Inks of various colours, especially red, purple, and blue, and also gold and silver inks, were much used by the ancients: few manuscripts are destitute of some such ornamental diversities of colour; and many are splendidly recommended to the eye by these means. There was a purple ink, which was appropriated to the use of the emperors, and was called the sacred encaustic; but a dye, not easily distinguished from that which appears upon some imperial charters, is very commonly found in ancient books. And it is said that they must have had a nice sight who could so distinguish between the two as to have detected a violation of the law on this subject. The subscription commonly seen at the end of Greek manuscripts, containing the name of the transcriber, with the year, month, day, indiction, and sometimes the hour when the copy was finished, are most often written in the imperial colour, especially in the times of the lower empire; or if not in that ink, in one that cannot now be distinguished from it.

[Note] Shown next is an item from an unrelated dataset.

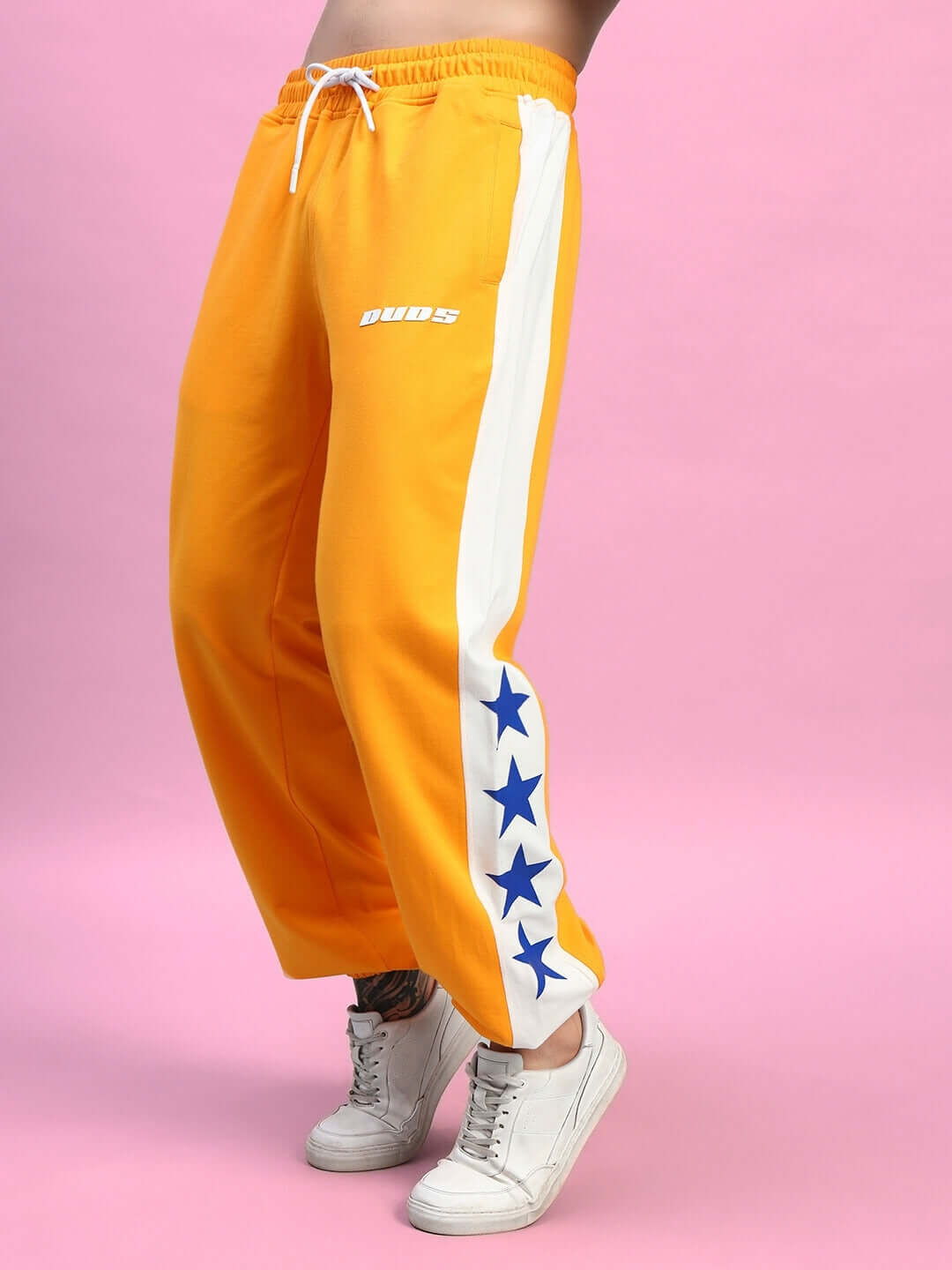 ROX Primer Relaxed Fit Joggers in orange with white star-accented stripe, worn with white sneakers on a pink background.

The titles of chapters were frequently written alternately in red and cerulean: marginal notes, most often in the latter colour. Books of a later date often have all the capitals of a bright green. The Greeks, more frequently than the Romans, used golden ink; and many Greek manuscripts are extant in which, not the titles and capitals only, but whole pages, are elegantly written in a pigment of the precious metals: but it was rather upon ecclesiastical than profane literature that this honour was bestowed. The works of the Fathers, chiefly, were so adorned, and sometimes the Gospels: there is extant a copy of the four Evangelists, written upon purple parchment, in letters of gold throughout. The practice of using gold and silver inks was so common, that the manufacture of them became a distinct business; and those who were skilled in this sort of writing seldom followed any other employment than that of inserting the titles, capitals, or emphatic words, in copies that had been executed by inferior hands. Several curious recipes for the preparation of the precious pigments are given by the later Greek waiters.

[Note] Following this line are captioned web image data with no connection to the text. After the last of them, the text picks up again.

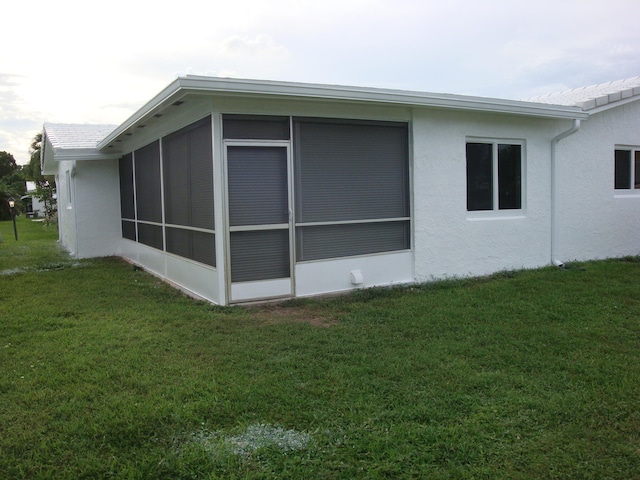 view of home's exterior with a sunroom and a lawn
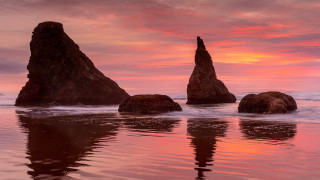 Sunset beach rocks pink sky - a sunset view of a beach free wallpaper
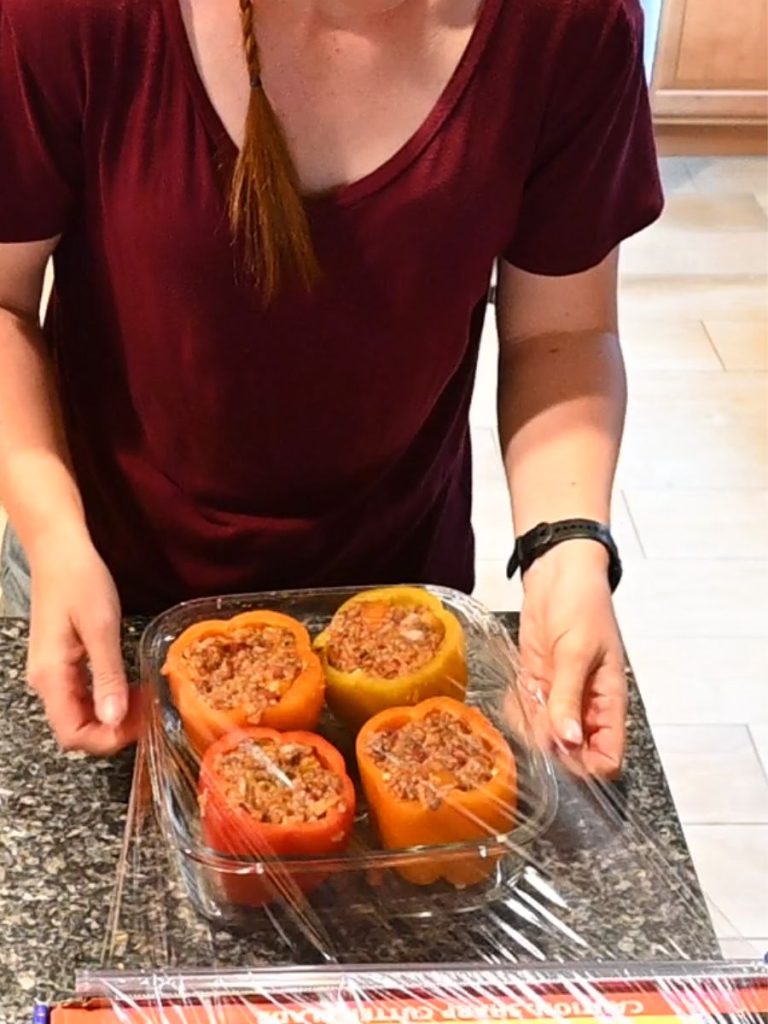 stuffed bell peppers wrapped in plastic wrap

Those who have been long accustomed to inspect and examine ancient manuscripts acquire a certain tact in judging of the age of a book from the condition of the ink, its colour and composition, which cannot be explained to others, and for the exercise of which no rules can be laid down. But in cases where a fraud is suspected, this nice habit of the eye often detects at once the imposition. It is perhaps more practicable to give to a picture, than to a manuscript, the hue of antiquity by artificial means.